= WHAT TO WORK ON =
Write down exactly the lines of the listing below, beginning with the one containing "Diplomdarbs 'Vizuālās pārliecināšanas" and closing with the final line.

= DATA EXTRACTS =
Content starts
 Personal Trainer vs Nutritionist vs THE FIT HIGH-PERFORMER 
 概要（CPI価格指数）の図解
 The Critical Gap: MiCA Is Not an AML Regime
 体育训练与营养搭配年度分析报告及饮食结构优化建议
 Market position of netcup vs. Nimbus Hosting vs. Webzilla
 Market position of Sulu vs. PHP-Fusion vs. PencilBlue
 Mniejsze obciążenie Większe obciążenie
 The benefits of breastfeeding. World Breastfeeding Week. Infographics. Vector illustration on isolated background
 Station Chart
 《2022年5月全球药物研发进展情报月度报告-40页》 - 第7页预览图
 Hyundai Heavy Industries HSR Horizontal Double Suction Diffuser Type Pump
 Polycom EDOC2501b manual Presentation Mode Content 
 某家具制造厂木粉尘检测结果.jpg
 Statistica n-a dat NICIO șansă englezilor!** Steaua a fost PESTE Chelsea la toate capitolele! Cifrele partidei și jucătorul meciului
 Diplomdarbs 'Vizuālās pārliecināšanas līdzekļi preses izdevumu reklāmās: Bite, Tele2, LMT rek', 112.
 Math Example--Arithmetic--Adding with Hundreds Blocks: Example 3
Content ends
= SOLUTION TO THIS PROBLEM =
 Diplomdarbs 'Vizuālās pārliecināšanas līdzekļi preses izdevumu reklāmās: Bite, Tele2, LMT rek', 112.
 Math Example--Arithmetic--Adding with Hundreds Blocks: Example 3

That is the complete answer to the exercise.